When real estate agents are asked to evaluate a property, they generally do so basing it on arbitrary information of recent transactions of similar properties in the vicinity. This, while offering a broad-spectrum idea of the market value, is not as precise as an official valuation. For instance, in case one needs to pledge the property against a loan, the loan approval process is quicker and easier if the property is certified by an official evaluator. Many banks demand valuation certificates before issuing loans against properties. Another advantage of official evaluation is that you may be sanctioned a higher loan amount.

A certification is also necessary when the precise value of the property has legal connotations, as in the case of will statements, property insurance, balance sheets, etc. A final benefit of official evaluation is that it becomes a handy negotiating tool on resale of the property.

4. What do the terms 'Leasehold Property' and 'Freehold Property' mean?

When a piece of property is given out or 'leased' to an individual (the 'Lessee') for a stipulated period of time by the 'Lessor' or owner, this is referred to as Leasehold Property. As a lease premium, a certain amount is fixed by the Lessor. The ownership rights to the property remain with the Lessor.

When ownership right to a property is given to a purchaser in consideration of a sum of money, this property is referred to as 'Freehold Property'. Unlike leasehold property, no annual or lease charges need be paid, and the freehold property may be re-registered and/ or transferred to the new owner.

5. What, if any, are the advantages in converting a leasehold to a freehold?

The benefits are several: if one gets a leasehold property converted to a freehold one, one becomes a full-fledged owner, taking possession of the sale deed and getting it registered. A freehold property has more marketability and can be sold, mortgaged or pledged as standing security, which is not possible in the case of leasehold property.

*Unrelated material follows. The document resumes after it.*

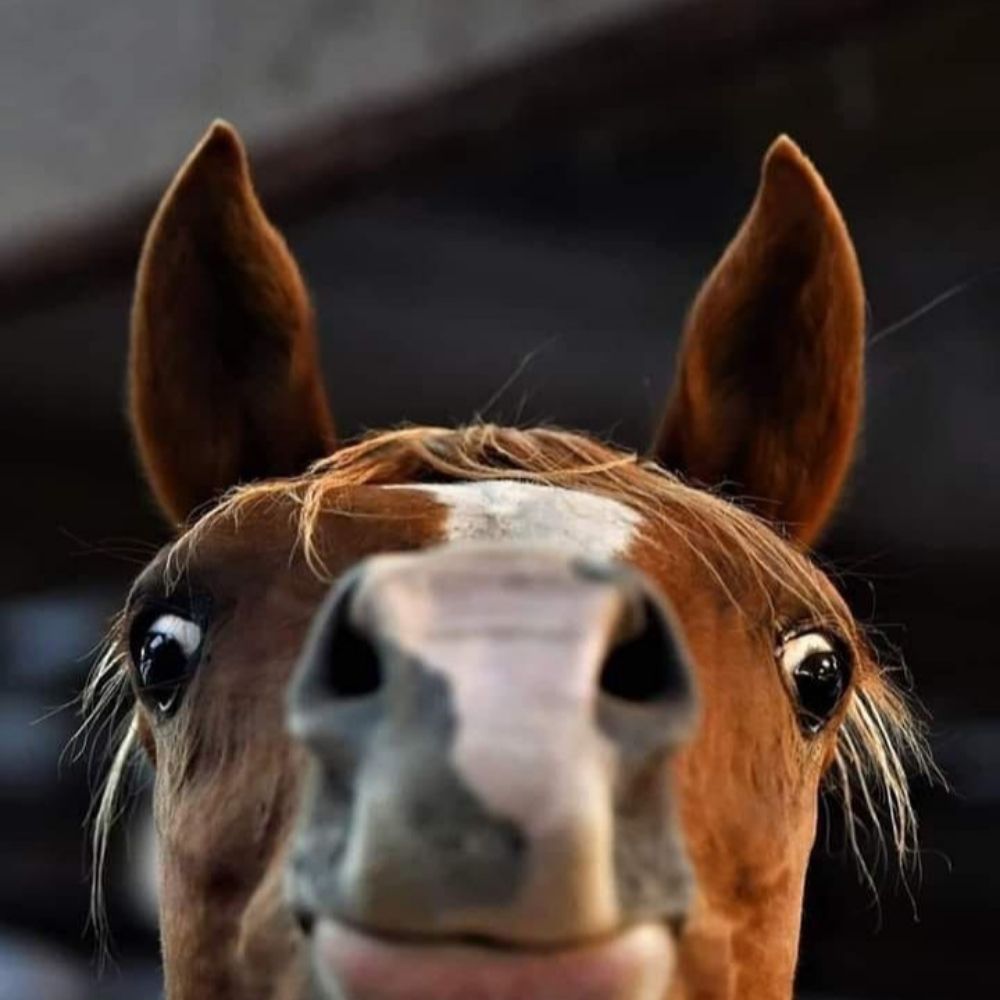 gaysubtext.bsky.social profile picture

6. What are the income tax implications while transferring newly acquired property?

If the property is transferred within three years from the date of purchase, income tax exemption under Section 54F of the Income Tax Act is not applicable. Tax would therefore have to be paid.

7. How is a property sale concluded?

An agreement of sale document, accompanied by actual possession of the property by the buyer, marks the conclusion of a sale. Usually, the entire amount agreed upon is handed over at the time of possession.

Pertaining to Residences

1. What is the meaning of the terms carpet area, built-up area and super built-up area?

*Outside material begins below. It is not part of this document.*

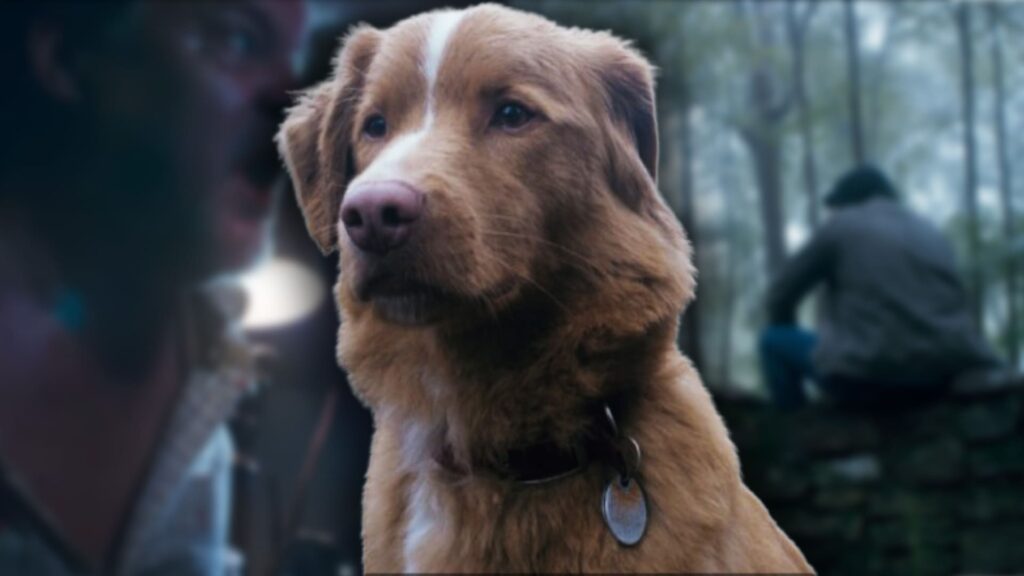 Good Boy Indy Oscar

The area of an apartment or building, excluding the area occupied by the walls, is known as the carpet area of the property. This is the area actually used, wherein a carpet can be laid. When the area of the walls, including the balcony, is added to the carpet area, this forms the built-up area. Finally, the built-up area including the area of the common spaces like lobby, lifts, stairs, garden and swimming pool is known as the super built-up area.

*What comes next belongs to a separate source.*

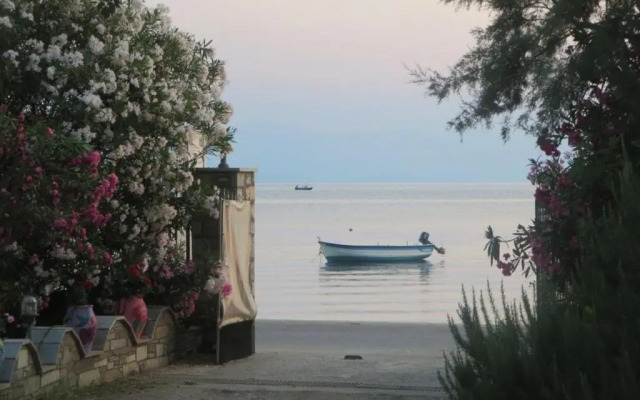 PLATANOFYLLA Pelion Apartment No11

2. With apartments of different sizes in a residential complex, how would maintenance charge be fixed?

The actual area owned by an individual is legally the basis for calculating maintenance charges.

3. What is a Sinking Fund, and why do Co-operative Housing Societies collect it from owners?

A Sinking Fund is a contingency fund, collected so that if the building needs repairs, reconstruction, structural additions or alterations in the future, the society can use it for this purpose. All Co-operative Housing Societies are required by law to collect a Sinking Fund. The General Body fixes the amount to be contributed by each owner, usually at least 1/4 percent per annum of each apartment's cost. This excludes the cost of the land. The fund may be utilized on a resolution being passed at the General Body meeting, and with prior permission of the Registering Authority.

4. How is a lease agreement created?

Depending on the particular case, a lease agreement can be reached in one of two ways:

Where the lease contract is from year-to-year/ exceeding one year's rent/ reserving yearly rent, then a registered instrument can be created, which both lessor and lessee must execute.

In all other cases, an oral agreement followed by delivery of possession is generally considered sufficient.